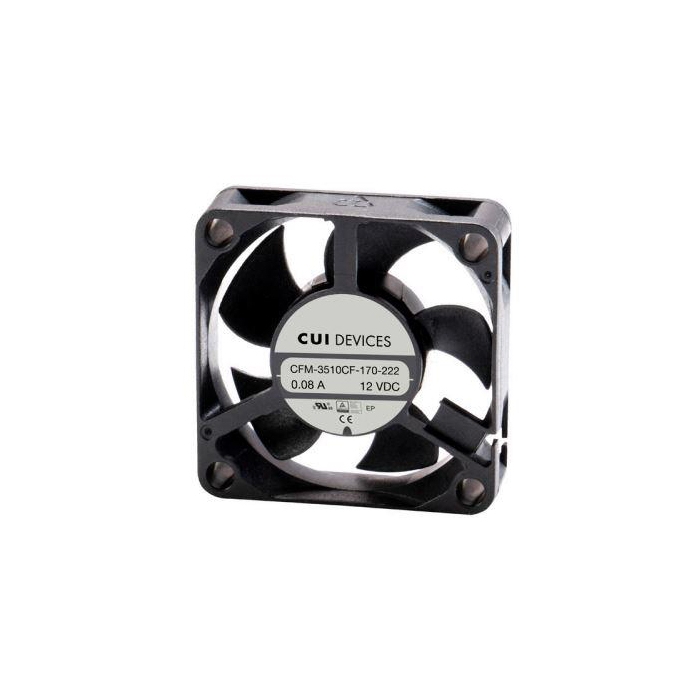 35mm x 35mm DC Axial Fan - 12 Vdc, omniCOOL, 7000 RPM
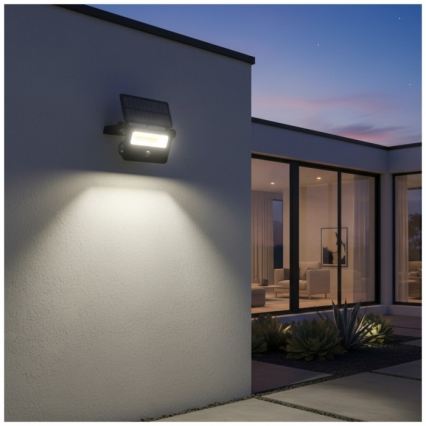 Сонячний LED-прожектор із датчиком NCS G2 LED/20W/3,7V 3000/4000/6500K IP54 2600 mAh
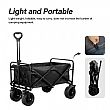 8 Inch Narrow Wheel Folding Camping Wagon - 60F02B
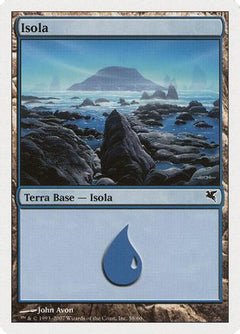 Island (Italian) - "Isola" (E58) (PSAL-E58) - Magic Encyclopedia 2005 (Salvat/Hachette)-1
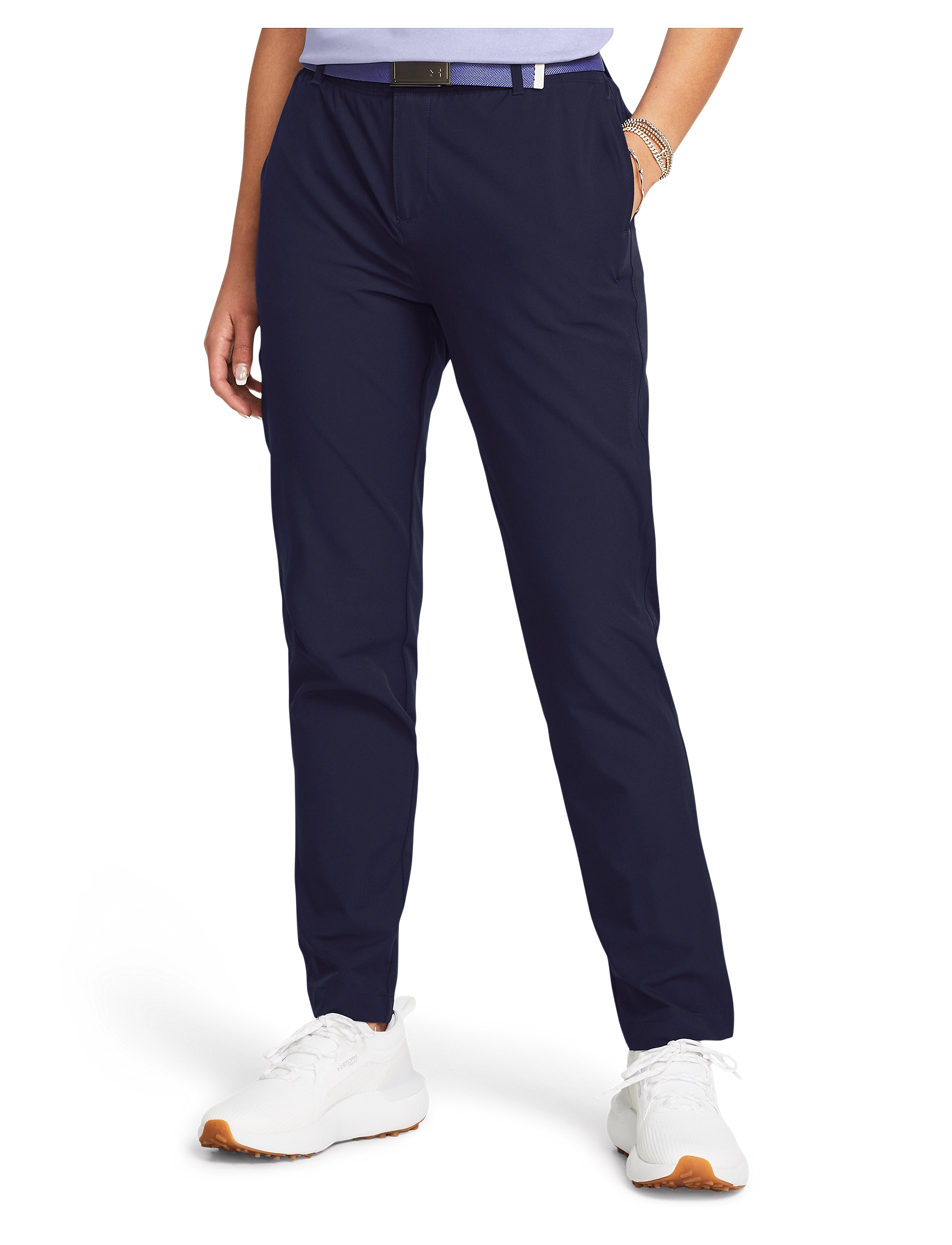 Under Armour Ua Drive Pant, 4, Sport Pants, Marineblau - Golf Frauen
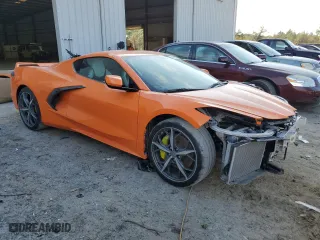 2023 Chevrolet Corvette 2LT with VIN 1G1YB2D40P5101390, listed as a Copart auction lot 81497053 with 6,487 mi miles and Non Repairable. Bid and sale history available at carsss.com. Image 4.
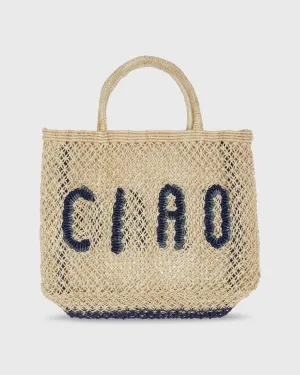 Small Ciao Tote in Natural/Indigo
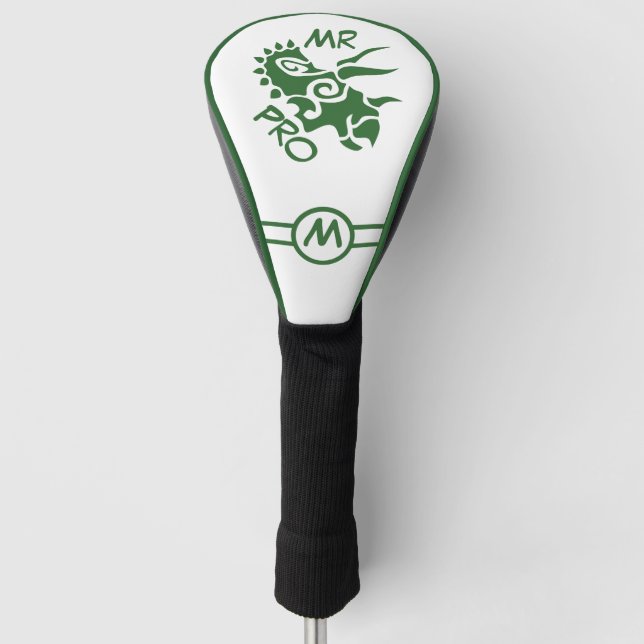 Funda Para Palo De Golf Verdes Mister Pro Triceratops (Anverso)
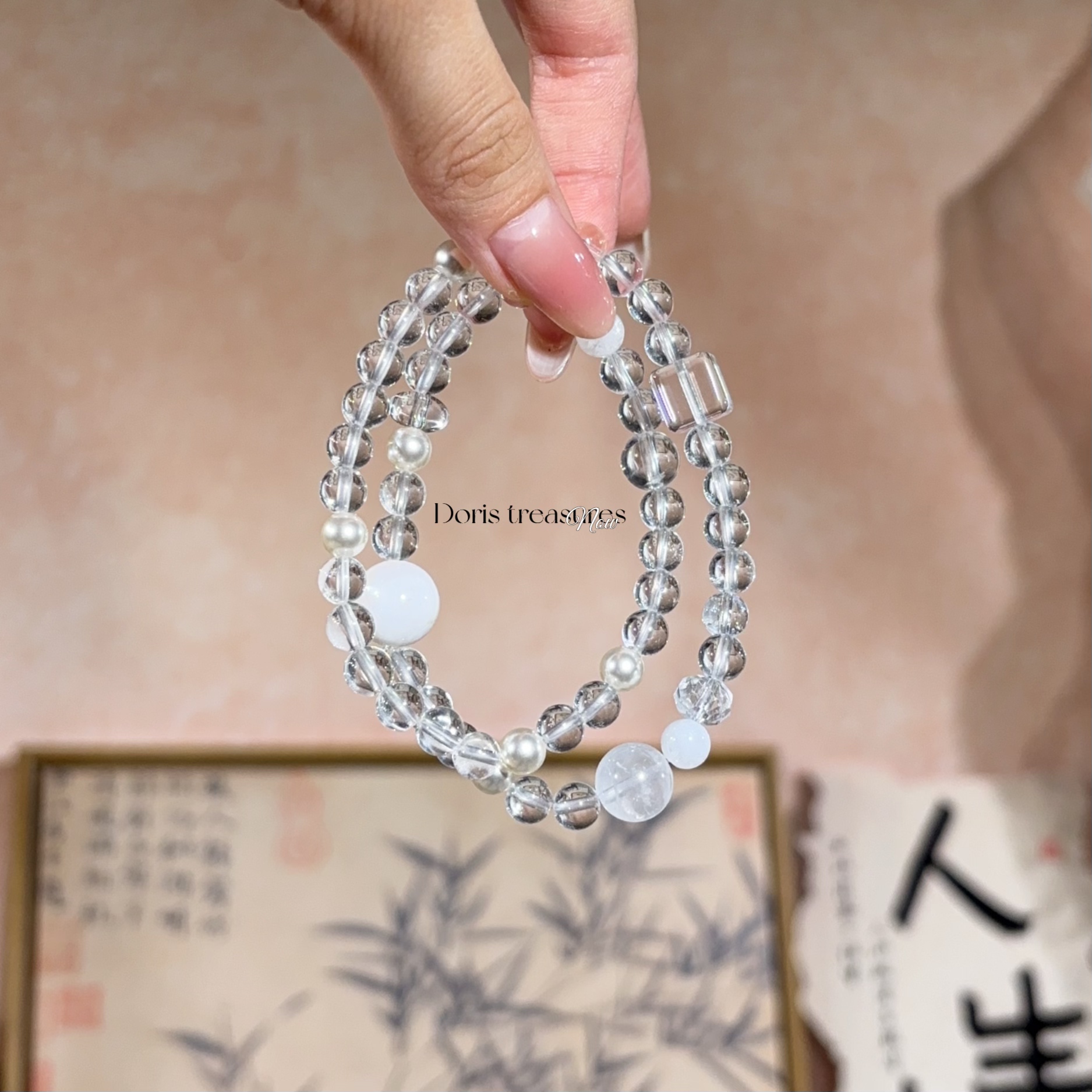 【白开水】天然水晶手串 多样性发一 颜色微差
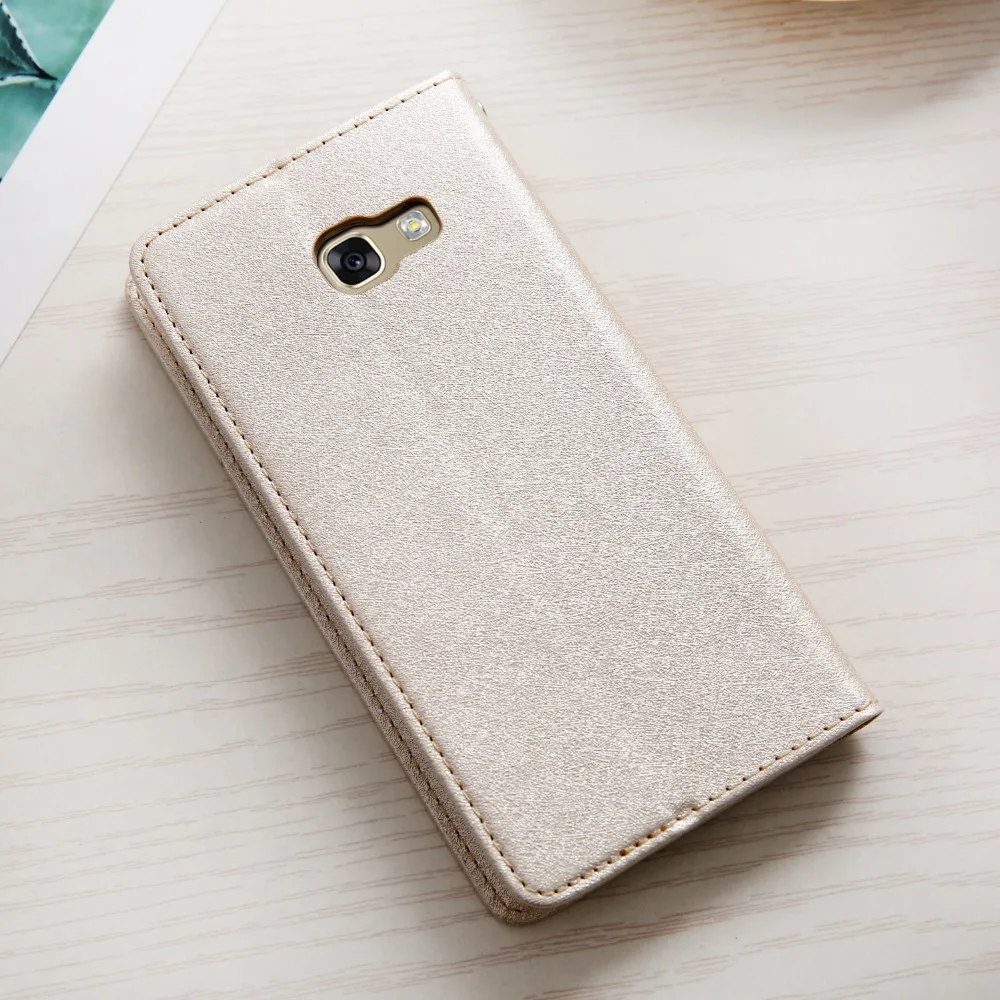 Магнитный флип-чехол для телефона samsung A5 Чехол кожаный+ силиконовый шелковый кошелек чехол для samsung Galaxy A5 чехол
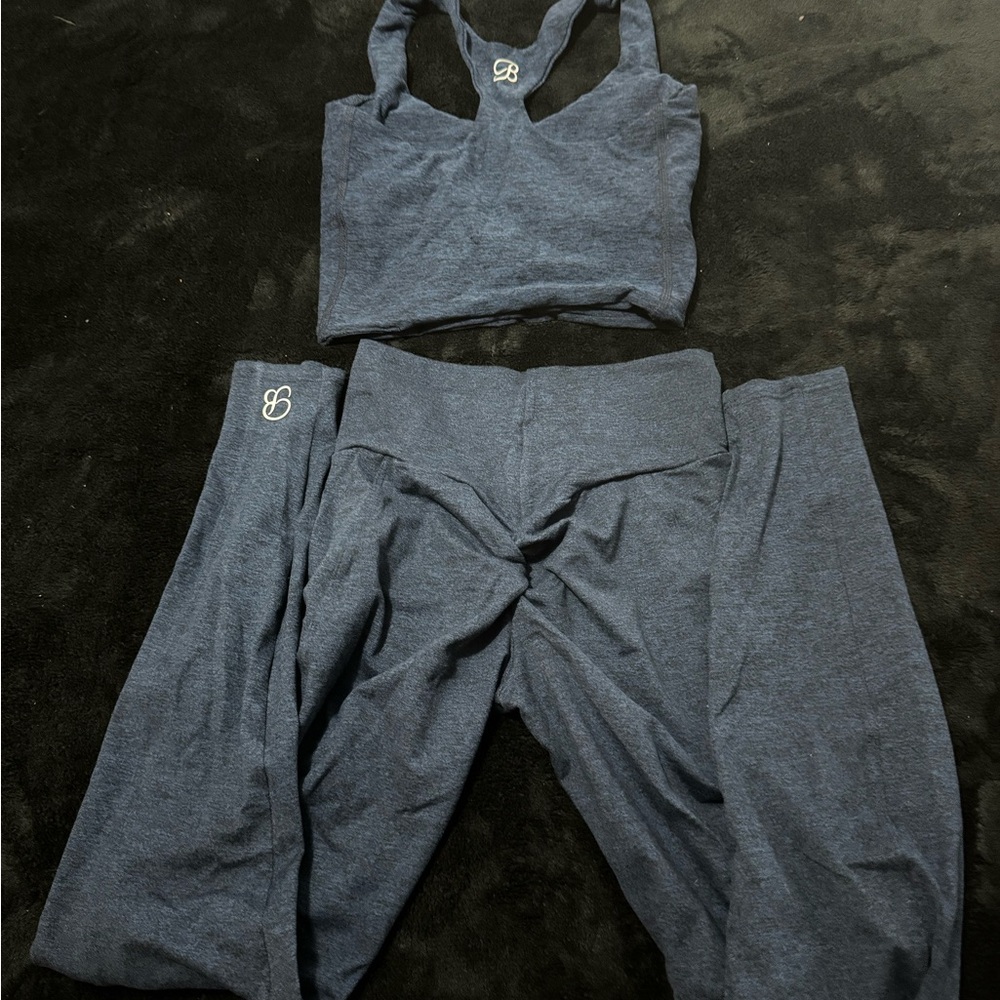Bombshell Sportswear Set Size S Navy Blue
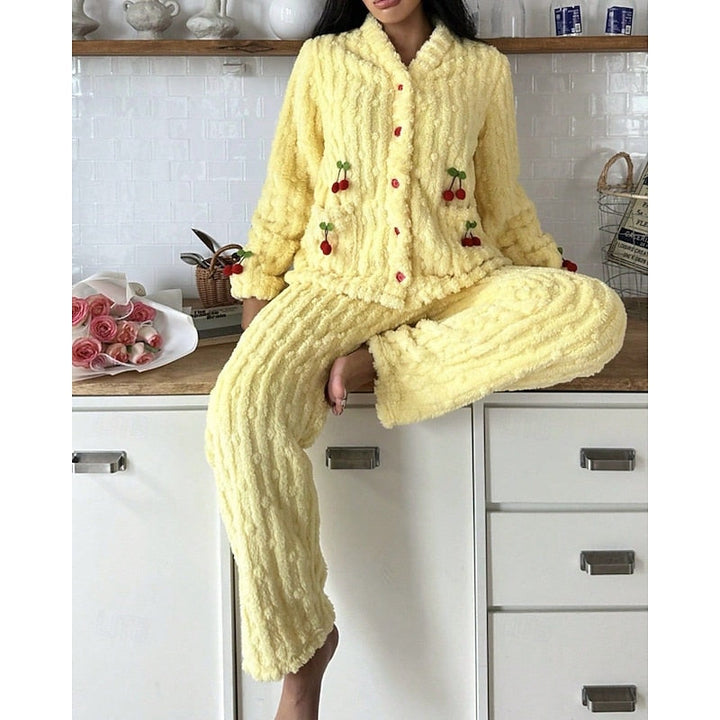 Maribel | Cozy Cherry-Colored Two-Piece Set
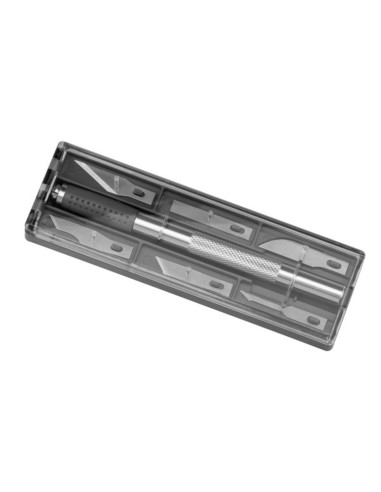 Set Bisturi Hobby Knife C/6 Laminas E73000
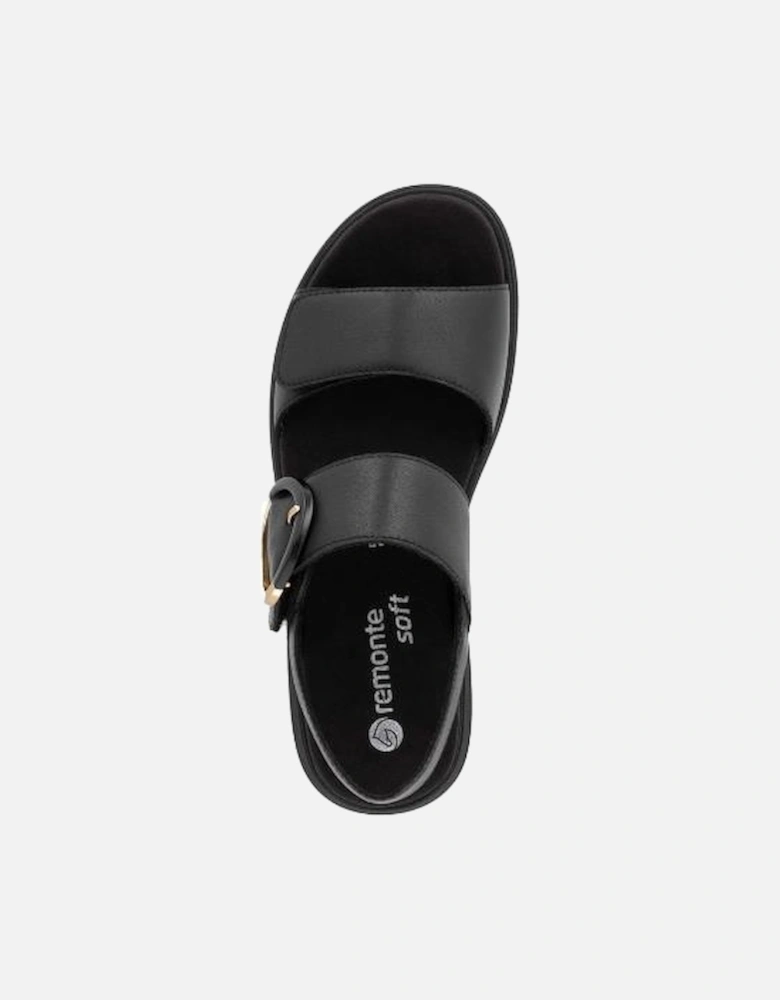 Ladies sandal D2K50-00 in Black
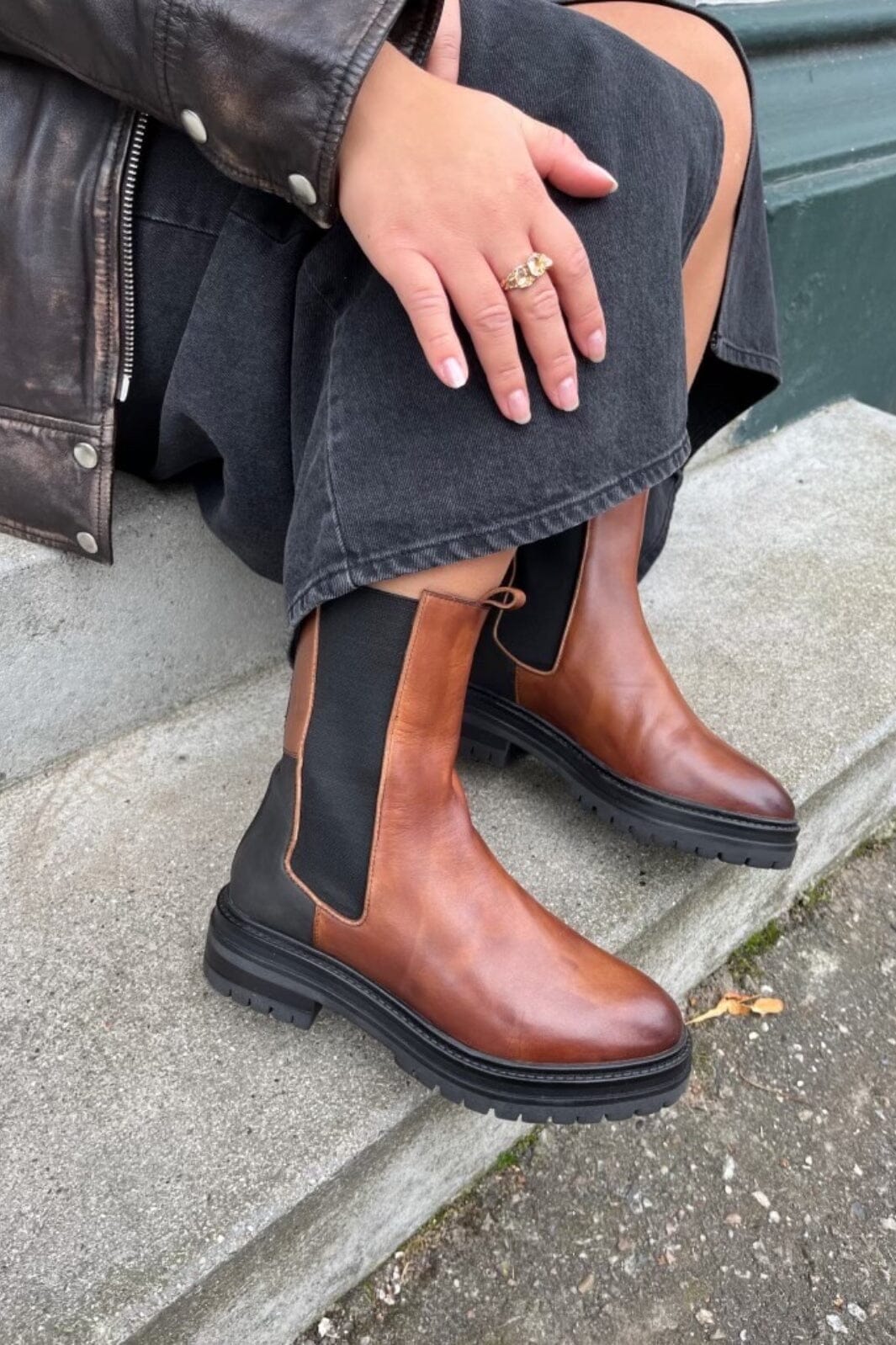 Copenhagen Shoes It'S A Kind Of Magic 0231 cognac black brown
□ □ □ □ □ □ □
» AIM OF THE EXERCISE
Give back each entry exactly as it appears, with no pictures.

» ANSWER SECTION
 35mm x 35mm DC Axial Fan - 12 Vdc, omniCOOL, 7000 RPM
 Сонячний LED-прожектор із датчиком NCS G2 LED/20W/3,7V 3000/4000/6500K IP54 2600 mAh
 8 Inch Narrow Wheel Folding Camping Wagon - 60F02B
 Island (Italian) - "Isola" (E58) (PSAL-E58) - Magic Encyclopedia 2005 (Salvat/Hachette)-1
 Under Armour Ua Drive Pant, 4, Sport Pants, Marineblau - Golf Frauen
 2023 Chevrolet Corvette 2LT with VIN 1G1YB2D40P5101390, listed as a Copart auction lot 81497053 with 6,487 mi miles and Non Repairable. Bid and sale history available at carsss.com. Image 4.
 Small Ciao Tote in Natural/Indigo
 Funda Para Palo De Golf Verdes Mister Pro Triceratops (Anverso)
 【白开水】天然水晶手串 多样性发一 颜色微差
 Магнитный флип-чехол для телефона samsung A5 Чехол кожаный+ силиконовый шелковый кошелек чехол для samsung Galaxy A5 чехол
Bombshell Sportswear Set Size S Navy Blue
 Maribel | Cozy Cherry-Colored Two-Piece Set
 Set Bisturi Hobby Knife C/6 Laminas E73000
 Ladies sandal D2K50-00 in Black
 Copenhagen Shoes It'S A Kind Of Magic 0231 cognac black brown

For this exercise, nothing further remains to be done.